# Sundown Re-Open 3-12



## planb420 (Mar 11, 2011)

:beer:The institution to re-open 3-12 @ 8 am, who's gonna be there for the opening bell?:beer:

I am seriously BUSTING at the seems to get back out there and shred some spring conditions after being froced off the mountain for the past 2 days. Its almost torture living this close to the mountain seeing all that snow getting pelted by the rain, but its good to know that they have a STELLAR terrain/grooming crew and I have no doubt that they will yet again have a stellar product to share with us all!!!

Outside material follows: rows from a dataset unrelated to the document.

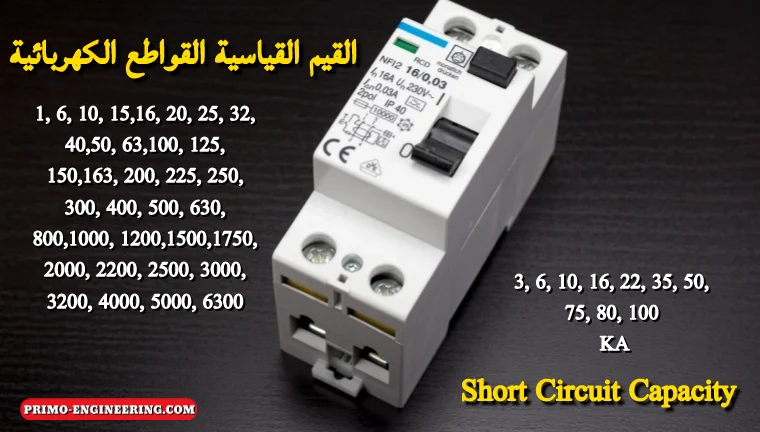 ما المقصود ب CB مكتوب عليه 25A  و 10KA ؟ و القيم القياسية للقواطع الكهربائية وتيار القصر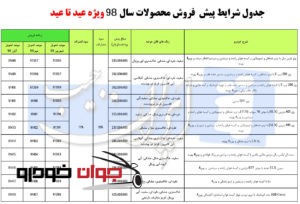 پیش فروش محصولات ایران خودرو-مرداد 97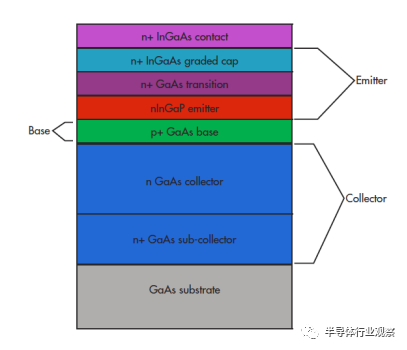 In-Depth Analysis of CMOS, FinFET, SOI, and GaN Process Technologies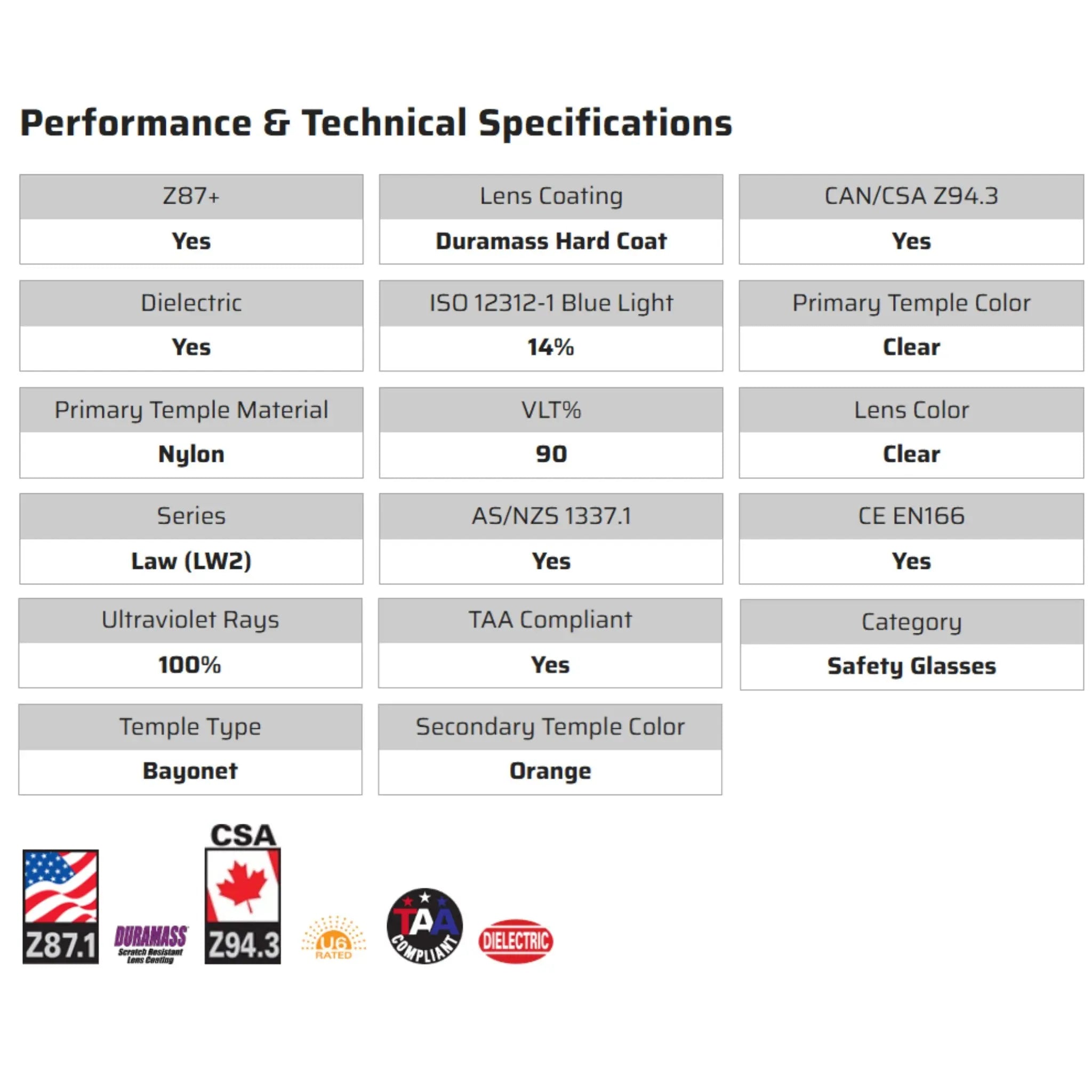 MCR Safety Law LW210 Safety Glasses, Specs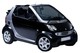 LED-pærepakke natlys til CABRIO (450) SMART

Also wondered if anyone else keeps a log of their entire season...like conditions, events, photos, ect... I use it to track my season and compare it to some of my college buddies I used to ride with to see who gets the most Days/Hours in a season. This challange is quite lopsided due to one of them being located in Brec, CO, but I am giving him a run for his money this year with all the great snow we have had...I have logged 54 days and 256 hours on the fluffy white stuff this year to his 44/210...but his season will without a doubt be a few weeks longer than mine....so I gotta get while the gettin is good! If I win this year it will be my first "King of the Mountain" title since we all left college, yeah its a dumb little competition but its a fun way to stay in touch year after year. Here is a link to my log with pictures and descriptions:

http://www.facebook.com/cmedlar#!/notes/cory-medlar/2010-11-snowboard-season-tracker/477325681296


----------



## bvibert (Mar 11, 2011)

I'll be there bright and early to open the place up.  See you in the lift line!


----------



## planb420 (Mar 11, 2011)

Or parking cars in the lot...?


----------



## Greg (Mar 11, 2011)

Skiing with my daughters tomorrow.


----------



## gmcunni (Mar 12, 2011)

Greg said:


> Skiing with my daughters tomorrow.



be careful on the unattended magic carpet


----------



## bvibert (Mar 12, 2011)

gmcunni said:


> be careful on the unattended magic carpet



Not gonna happen at Sundown!


----------



## o3jeff (Mar 12, 2011)

Greg said:


> Skiing with my daughters tomorrow.



I'm heading over around 10 and should have a kid in tow so I'll keep an eye out for you.


----------



## Greg (Mar 12, 2011)

o3jeff said:


> I'm heading over around 10 and should have a kid in tow so I'll keep an eye out for you.



Same here!


----------



## gmcunni (Mar 12, 2011)

plan (to be confirmed once my daughter wakes up) is to be there around lunch time w/ 1 kid


----------



## severine (Mar 12, 2011)

Won't be there til my shift tonight. Leave some goods for me!


----------



## planb420 (Mar 12, 2011)

STELLAR DAY! I got me some first chair again and rode velvety soft snow from 8 till 1pm, I ran into Greg and his lil groms playing on Toms:razz: real fun day all around and getting better by the hour....enjoy late takers


----------



## bvibert (Mar 12, 2011)

It looked really nice out there today.  I wish I could have gotten out!  Glad some of you guys were getting after it.  Gary, I saw you heading back to the lift from Gunny a couple of times, how were the bumps?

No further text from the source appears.